Idempotence is a concept borrowed from mathematics. It describes the property of certain operations that can be applied multiple times without changing the result beyond the initial application.

A unary operation, or an operation with one operand, is idempotent if, whenever it is applied twice or more to any value, it returns the same results as if it were applied once.

A binary operation, an operation with two operands, has an idempotent element if the corresponding given value, when it is assigned to both operands, is returned as a result after the operation.

A binary operation can also be idempotent when it is applied to two equal values and gives that value as a result.

Programming examples

We will frequently find such a thing when we look for information about idempotence:

  f(f(x)) = f(x)

Let’s see how we can illustrate that. We can imagine the following function:

  // f(x)
public function addTen(n)
{
    return n + 10;
}

Let’s use our function:

  // f(x)
public function addTen(n)
{
    return n + 10;
}

As we can see, we get a different result each time we apply the function. So, this is not idempotent.

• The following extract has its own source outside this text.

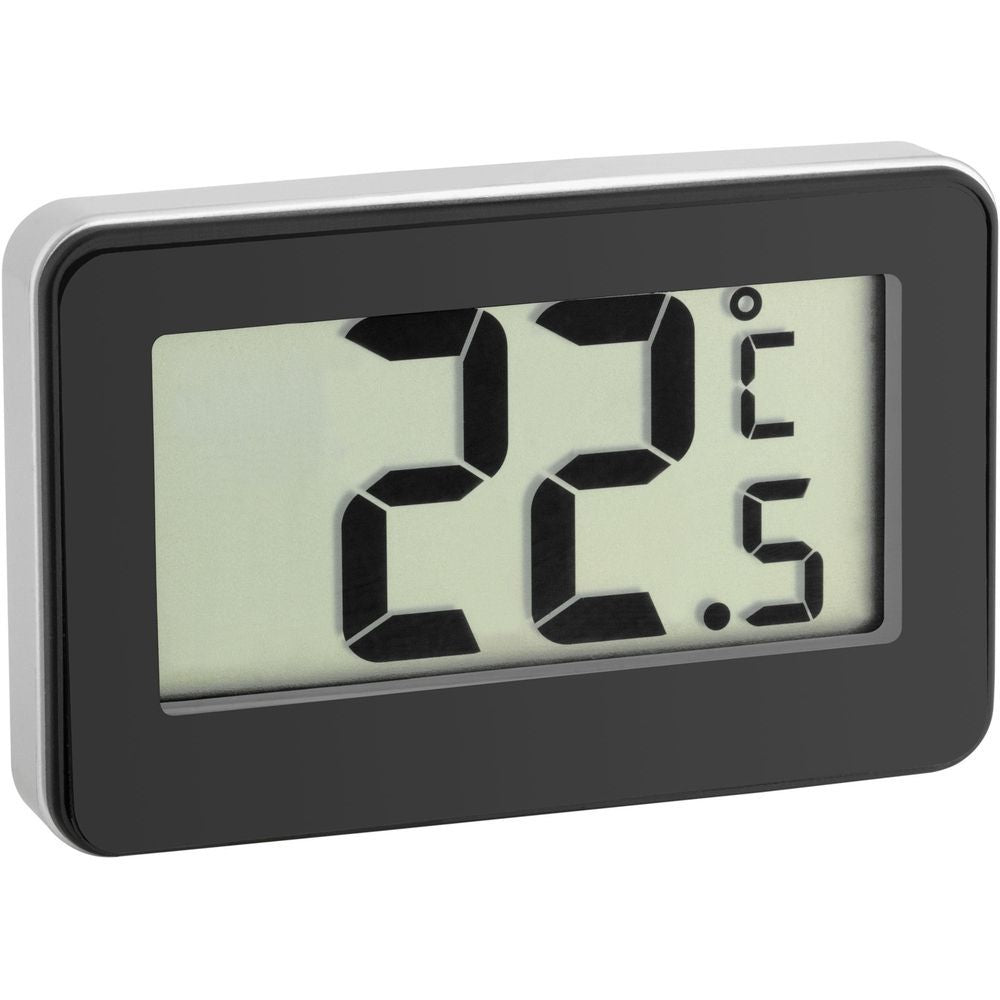 Digital Fridge/Freezer and Room Thermometer - TD-30-2028-01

Now, consider the following example:

  echo abs(-10); // Prints 10
echo abs(abs(-10)); // Prints 10
echo abs(abs(abs(-10))); // Prints 10

This is idempotent, because we can apply the function as many times as we want and we always get the same result.

More examples

We can have other things that are idempotent. For example, looking for a specific customer in a database is idempotent, because the database will not change. Changing the customer’s address is also idempotent because the final address will be the same no matter how many times it is submitted. Nevertheless, if the customer places an order, this operation is not idempotent because several invocations will lead to several orders.

Make an HTTP GET request is idempotent because we can execute the same request how many times as we want, the result will remain consistent. However, making an HTTP POST request is not idempotent because it is designed to change the targeted element.

Sorting a list is also idempotent. If we sort the list once, then apply the function one more time, the order of the element won’t change.

Conclusion

Through this article we saw what the words “idempotence” means. We saw that it describes the property of certain operations that can be applied multiple times without changing the result beyond the initial application.